Fonte: Malwarebytes · Mindgard research, 1 Jul 2026
La mia analisi
La riga che conta non è che ChatGPT possa essere ingannato. È che le dichiarazioni di sicurezza dei fornitori sono marketing, non un controllo su cui fare affidamento. Classificatori più un modello di revisione, sconfitti da un prompt riformulato. Questa è la realtà dietro ogni slide con scritto «la nostra AI è sicura».
Se governate l'AI nella vostra organizzazione, la conclusione è netta: non potete esternalizzare il vostro rischio ai guardrail del modello. Se la vostra acceptable-use policy, il vostro monitoraggio e i vostri controlli assumono che il filtro del fornitore tenga, non avete un controllo, avete una speranza. È esattamente il divario che ISO 42001 esiste per colmare.
E notate ciò che si cela sotto. Uno studio sulla governance ha rilevato che alcuni fornitori si riservano il diritto di indebolire i guardrail per adeguarsi ai concorrenti. Una corsa al ribasso, messa per iscritto. Quando il livello minimo è fissato da chi ci tiene di meno, costruite il vostro.
Meta sta eliminando il controllo sul tracciamento di cui si vantava.
Meta sta ritirando Off-Facebook Activity, il controllo lanciato intorno al 2019 che permetteva di disconnettere i dati che siti e app di terze parti le inviano e che rimuoveva le informazioni identificative da quei dati. Gli utenti stanno vedendo banner con la scritta «le tue impostazioni stanno cambiando» ed email che annunciano che l'opzione di disconnessione verrà rimossa, sostituita da un'impostazione chiamata Activity from other businesses. Il cambiamento pratico, come lo interpretano i difensori della privacy: il nuovo controllo regola se Meta utilizza quei dati fuori sito, non se li conserva, e Meta sta ampliando l'uso di quei dati dagli annunci alla personalizzazione del feed e dei reel.

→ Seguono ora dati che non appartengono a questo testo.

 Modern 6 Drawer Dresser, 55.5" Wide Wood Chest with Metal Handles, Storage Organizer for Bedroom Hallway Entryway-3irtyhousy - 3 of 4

Meta aveva presentato la funzione originale nel 2019 come un modo per mettere il controllo degli utenti al di sopra del proprio business pubblicitario.
Fonte: PCMag · Meta settings change, Jul 2026
La mia analisi
Questo caso è semplice, ed è un passo indietro. Meta sta ritirando un controllo di cui si vantava, e il sostituto sposta silenziosamente la domanda da «elimina questi dati» a «permettici di usarli o meno», mentre i dati stessi rimangono. Una regressione in termini di privacy camuffata da aggiornamento delle impostazioni.
La mossa individuale non è cambiata. Entrate nelle impostazioni di Meta e disattivate Activity from other businesses, usate un browser rispettoso della privacy con il blocco dei tracker, oppure uscite del tutto. Una precisazione, alla luce della settimana scorsa: scegliete con cura il vostro tracker blocker. Un ad blocker con 10 milioni di installazioni e un hijack nascosto non è privacy, è lo stesso problema con un badge più presentabile.
Per i professionisti che leggono questa newsletter, il punto centrale è il consenso. Quando un controllo che limitava il tracciamento cross-web scompare e i dati vengono conservati per impostazione predefinita, si tratta di una questione GDPR, non di un ritocco all'UX. Osservate come reagiranno le autorità di regolamentazione.